Low Gross Net Score Tournament Format
This one requires some basic arithmetic at the end of your round. Just as the name suggests, the team with the lowest total combined score at the end of the event wins.
More Golf Tournament Formats
There are a lot of ways to play golf! Some more advanced formats include stableford, shamble, and blind hole match.
Setup Competitions throughout the Event
There are a ton of fun competitions you can station throughout the course to energize your event. On different holes throughout the course set up competitions for longest drive, longest putt and closest to the pin. After everyone completes their rounds you can announce the winners and award prizes.
Prizes and Awards
The most common prizes for these on-course type events are typically custom logo electronics, golf gear, or outdoor products. Want prizes that people will actually want? Putting your corporate logo or the logo for your golf tournament on anything from speakers to coolers is a perfect way to commemorate your event. Or how about a custom embroidered golf bag for under 100 bucks?! For smaller prizes, check out our custom logo golf accessories for items like golf towels, ball markers, golf gloves and more.
Plan for After Golf
Your attendees will be hungry and thirsty after their round, so a banquet or dinner is a perfect way to wrap up your event.
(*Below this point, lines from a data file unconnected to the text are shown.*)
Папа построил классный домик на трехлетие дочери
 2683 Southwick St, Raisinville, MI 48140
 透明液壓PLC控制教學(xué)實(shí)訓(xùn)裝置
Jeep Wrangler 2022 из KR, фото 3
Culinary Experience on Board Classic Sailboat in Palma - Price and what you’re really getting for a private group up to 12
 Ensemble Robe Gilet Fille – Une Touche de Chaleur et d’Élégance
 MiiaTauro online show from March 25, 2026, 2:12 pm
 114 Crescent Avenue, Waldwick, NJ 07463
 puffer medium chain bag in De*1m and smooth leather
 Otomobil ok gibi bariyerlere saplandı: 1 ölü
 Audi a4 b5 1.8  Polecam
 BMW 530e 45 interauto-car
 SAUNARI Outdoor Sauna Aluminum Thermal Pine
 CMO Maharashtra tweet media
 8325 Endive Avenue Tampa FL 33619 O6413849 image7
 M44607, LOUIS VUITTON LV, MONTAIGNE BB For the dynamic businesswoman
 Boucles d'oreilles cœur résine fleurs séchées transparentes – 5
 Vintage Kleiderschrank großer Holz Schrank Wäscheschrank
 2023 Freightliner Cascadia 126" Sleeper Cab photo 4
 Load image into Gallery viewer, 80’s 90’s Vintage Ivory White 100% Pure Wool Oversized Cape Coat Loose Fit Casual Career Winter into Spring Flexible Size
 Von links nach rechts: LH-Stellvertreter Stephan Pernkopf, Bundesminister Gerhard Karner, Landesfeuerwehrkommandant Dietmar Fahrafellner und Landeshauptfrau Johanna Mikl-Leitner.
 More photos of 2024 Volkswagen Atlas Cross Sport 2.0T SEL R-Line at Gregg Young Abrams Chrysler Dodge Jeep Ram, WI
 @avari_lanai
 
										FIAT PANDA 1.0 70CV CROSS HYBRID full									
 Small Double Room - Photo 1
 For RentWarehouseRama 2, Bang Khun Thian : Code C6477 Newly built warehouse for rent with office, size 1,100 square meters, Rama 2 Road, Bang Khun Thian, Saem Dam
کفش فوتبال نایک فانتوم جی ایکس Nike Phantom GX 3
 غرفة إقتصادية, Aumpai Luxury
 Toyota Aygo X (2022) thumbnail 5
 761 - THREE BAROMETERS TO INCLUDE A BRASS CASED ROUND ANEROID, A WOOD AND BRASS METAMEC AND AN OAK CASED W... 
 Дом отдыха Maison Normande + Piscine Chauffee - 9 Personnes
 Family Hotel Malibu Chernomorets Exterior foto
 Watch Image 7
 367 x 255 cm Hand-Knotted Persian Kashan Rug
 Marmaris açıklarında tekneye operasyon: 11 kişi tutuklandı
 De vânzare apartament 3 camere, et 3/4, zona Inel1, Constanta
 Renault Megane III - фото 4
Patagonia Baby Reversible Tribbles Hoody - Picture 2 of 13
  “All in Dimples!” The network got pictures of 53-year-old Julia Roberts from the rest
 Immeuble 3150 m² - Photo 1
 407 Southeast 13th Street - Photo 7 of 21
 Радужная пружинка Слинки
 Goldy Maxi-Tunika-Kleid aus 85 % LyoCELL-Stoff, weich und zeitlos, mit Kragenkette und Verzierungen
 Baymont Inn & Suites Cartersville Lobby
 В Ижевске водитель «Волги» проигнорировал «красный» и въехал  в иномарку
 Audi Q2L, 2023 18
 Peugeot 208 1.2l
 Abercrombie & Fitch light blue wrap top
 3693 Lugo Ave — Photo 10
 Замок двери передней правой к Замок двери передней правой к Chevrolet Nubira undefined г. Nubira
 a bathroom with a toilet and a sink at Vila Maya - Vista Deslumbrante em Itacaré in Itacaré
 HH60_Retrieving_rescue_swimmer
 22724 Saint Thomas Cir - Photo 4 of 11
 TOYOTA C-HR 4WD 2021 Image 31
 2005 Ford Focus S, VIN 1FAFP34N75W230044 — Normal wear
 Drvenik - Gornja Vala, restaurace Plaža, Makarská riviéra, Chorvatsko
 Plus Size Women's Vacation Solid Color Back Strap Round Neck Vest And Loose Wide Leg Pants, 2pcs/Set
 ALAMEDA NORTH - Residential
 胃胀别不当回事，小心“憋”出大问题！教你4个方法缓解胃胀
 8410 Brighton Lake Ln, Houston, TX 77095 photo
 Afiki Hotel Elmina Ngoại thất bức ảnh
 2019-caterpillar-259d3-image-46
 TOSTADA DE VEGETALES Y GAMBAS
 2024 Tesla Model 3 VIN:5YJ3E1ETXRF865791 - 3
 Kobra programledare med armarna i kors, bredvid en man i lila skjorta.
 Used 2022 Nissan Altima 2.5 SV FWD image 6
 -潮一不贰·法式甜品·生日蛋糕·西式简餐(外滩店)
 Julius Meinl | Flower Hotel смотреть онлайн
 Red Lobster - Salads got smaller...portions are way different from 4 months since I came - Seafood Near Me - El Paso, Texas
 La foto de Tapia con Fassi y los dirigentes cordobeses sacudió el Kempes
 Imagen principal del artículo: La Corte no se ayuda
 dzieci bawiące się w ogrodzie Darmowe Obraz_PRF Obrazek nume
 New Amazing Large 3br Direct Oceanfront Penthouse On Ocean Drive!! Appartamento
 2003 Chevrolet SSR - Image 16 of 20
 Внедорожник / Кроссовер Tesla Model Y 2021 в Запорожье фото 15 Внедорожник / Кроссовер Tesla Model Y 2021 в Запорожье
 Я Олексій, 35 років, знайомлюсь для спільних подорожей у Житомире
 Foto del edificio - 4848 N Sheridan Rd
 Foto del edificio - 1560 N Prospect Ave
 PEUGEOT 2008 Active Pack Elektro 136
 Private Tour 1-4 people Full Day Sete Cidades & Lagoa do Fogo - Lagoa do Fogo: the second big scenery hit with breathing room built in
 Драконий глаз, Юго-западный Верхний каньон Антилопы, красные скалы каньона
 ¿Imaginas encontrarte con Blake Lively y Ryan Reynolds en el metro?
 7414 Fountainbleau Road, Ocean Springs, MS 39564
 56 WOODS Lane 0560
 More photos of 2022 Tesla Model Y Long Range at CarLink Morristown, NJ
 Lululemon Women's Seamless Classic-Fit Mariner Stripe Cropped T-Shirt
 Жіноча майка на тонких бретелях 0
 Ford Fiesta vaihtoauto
The nineteenth hole is an age-old tradition in golf, so plan a half hour for golfers to enjoy cocktails and hors d'oeuvres as they trickle in from the course. Once everyone is back from their rounds you can finish they day with dinner and an awards ceremony to distribute prizes to your big winners!
As a socially distanced option for post-golf celebration, try an outdoor picnic. Get in touch with local restaurants and caterers for boxed individual meals, and enjoy dinner and drinks safely!
Cover all your bases
Make sure to have a back-up plan in place in case it rains. Providing golfers with custom rain gear in advance is a great way to hedge your bets against mother nature. Think of it as hitting a provisional ball!
Additionally, if you are planning a corporate event make sure that there are alternate activities planned for those you do not want to or are not able to golf. Reserving a room in the club house for other team building activities is never a bad call.
Leading Up to the Golf Event
In the weeks leading up to your golf outing there are a few tasks you’ll want to tackle to make sure all your ducks are in a row.
Schedule Tee Times
Tee times need to be determined in advance of the event. If you are doing a shotgun start, make sure that everyone knows what hole they are teeing off at. If you’re not doing a shotgun start, be sure that all golfers know what time they are teeing off.
Verify Food and Beverage Plans
Touch base with the golf course or the catering company to confirm that everyone is on the same page here. Hungry and thirsty golfers will turn on you quick!
Order Materials for the Golf Event
Equipment – contact the course to make sure there are enough rental clubs and golf carts to meet your group’s needs.
Prizes – it would be awfully awkward if you had to send your winners home empty handed!
Print your Itinerary
A good itinerary or program for your event should include the following information:
- Schedule of events and tee times
- Preview of contests and prizes
- Information on the course, clubhouse and locker rooms.
- Club provided or custom scorecards
On Day of Your Golf Event
The day is finally here! It’s almost time to kick back and enjoy your event, but there are a few more things you should do to make sure you ace your golf outing. You’ll want to get to the course early to do a walk through and meet the event staff. Once you’ve got the lay of the land it’s time to set up any signage for the event and your registration booth. At your registration booth you should also distribute the itinerary for the event along with the tee gifts if you are doing a shotgun start. Once golfers are on the course you can either focus on setting up the after-golf events or get out there and play yourself. Hit ‘em straight!